Sadie Says

Dear Sadie,

Help! I just got fired from my part-time job, and I NEED MONEY. I’m desperate. I don’t qualify for work-study, and nobody seems to be hiring around here. What can I do?

Broke Becca

Dear Becca,

Talk to your friends. I’m sure you’ve heard the phrase “It’s not what you know but who you know” time and time again, and with the economic situation we’re in today, this is truer than ever. So reach into your network of friends and family and see if anyone knows someone who might be hiring. You’d be surprised at how many places have openings that aren’t listed on job search websites or in any way advertised to a wide audience. Pay particular attention to your senior friends with part-time jobs; many of them are leaving the city as soon as they graduate and will be leaving openings in their current positions that need to get filled. A good word from them to their employers about you may just get a job lined up for you.

While you do search, think about the skills you have. Tutoring is a great way to earn a bit of money, and there are people looking to get tutored in any class imaginable (OK, maybe no one’s looking to get tutored in Co-op 101, but you get the point). Editing student papers is also a great way to earn money; people are always looking for new sets of eyes for their writing. If you take good notes and pay close attention to detail, you could offer to outline textbook chapters for students for a small fee.

Keep an eye out for odd jobs. See if any of your parents’ friends are looking for a pet/house/babysitter anytime soon.

Best of Luck!

Sadie

Dear Sadie,

It’s the end of the term, and that means all my procrastination has finally paid off, leaving me with a glorious mountain of papers and projects and not a lot of time to do them. Because I am such a great student, I suspect that I will be pulling a few all-nighters in the next few weeks. Any advice to make them go smoothly?

Cramming Craig

Dear Craig,

Ah, the all-nighter. What a great and terrible creature. My best advice to you is to start the night as early as possible. Don’t wait until 10 p.m. to crack open that chemistry book when you could do just the same at 6 p.m.

In order to be successful at this, you will need to get SMART. Oh, you know you love acronyms, don’t complain. SMART is the all-nighter toolkit, and it stands for: Snacks, Motivation, Attention boosters, Recuperation and Time management.

Snacks are a given — food gives you energy, and eating it keeps you awake.
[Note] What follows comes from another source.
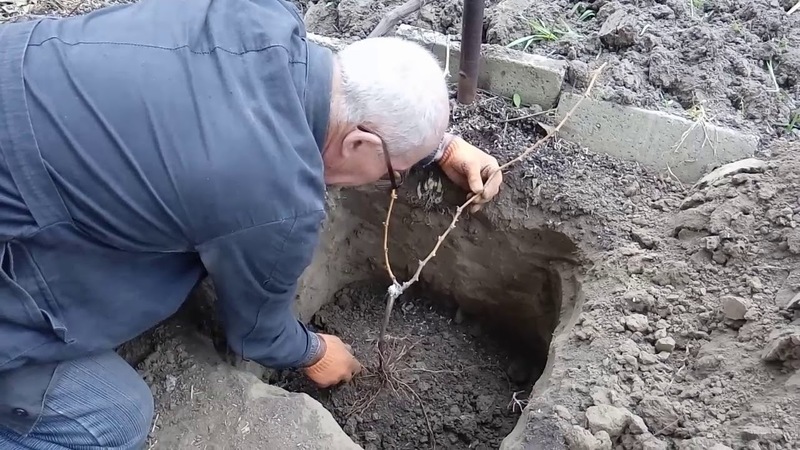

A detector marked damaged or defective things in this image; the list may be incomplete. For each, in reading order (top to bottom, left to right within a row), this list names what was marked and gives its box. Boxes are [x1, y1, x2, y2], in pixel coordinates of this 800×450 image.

Eat things like chips, trail mix, apples, and other foods that are crunchy and also moderately difficult to eat. Stay away from cupcakes, doughnuts and other carb-heavy soft foods that will make you sleepy and more likely to call it quits when you need to keep going. Keep snacks within easy reach, and bring enough to your study space that you won’t need to keep taking breaks to get more.

Motivation is what will keep you going through the night. It could be your GPA, the fact that this assignment is worth 65 percent of your grade, or the possibility of disappointing your parents or yourself if you don’t complete this assignment. Whatever it is, make your motivation something that will remind you why this is important, and write it down. Keep it near you, and when you’re feeling groggy and unmotivated, take a glance at it and press on.
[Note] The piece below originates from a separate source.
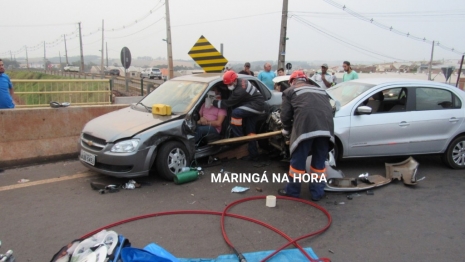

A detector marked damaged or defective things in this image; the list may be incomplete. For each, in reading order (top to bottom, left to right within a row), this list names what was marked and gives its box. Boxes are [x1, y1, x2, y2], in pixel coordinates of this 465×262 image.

crumpled hood [81, 106, 181, 142]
Attention boosters can take several forms, both chemical and physical. If caffeine is your thing, go for it — have plenty of coffee or energy drinks available, and drink as needed. That said, do not overdo it — you’ll only crash early in the night, and then what’s the point? Physical attention boosters can be standing up and moving around when your legs get stiff, going to sharpen your pencil, wiggling in your seat, whatever it is you need to do to wake yourself up when the inevitable sleepiness seeps in. You might have a friend who comes in to see you every so often. The point of attention boosters is to keep you awake and alert throughout the night.

Recuperation is very important and will help you from feeling completely awful the next day. Allow yourself scheduled breaks (but not too many) where you can take a nap (no longer than 20 minutes at a time), surf the Web (just be sure not to lose track of time) or any other relaxing activity. This will allow you to pace your work and feel less stressed.

Time management may be the most critical piece of the SMART puzzle. You need to schedule out how long you will work on one particular part of an assignment and stick to it. It might be easy to get caught up in outlining a paper before you start it, but if you’re taking two hours to complete an outline you wanted to finish in 20 minutes, you’re cutting into time that can be spent completing the actual assignment. Set out times for what you will do, and stick to them.

Best of luck, Craig, and do remember that the best advice regarding all-nighters is to prevent them altogether!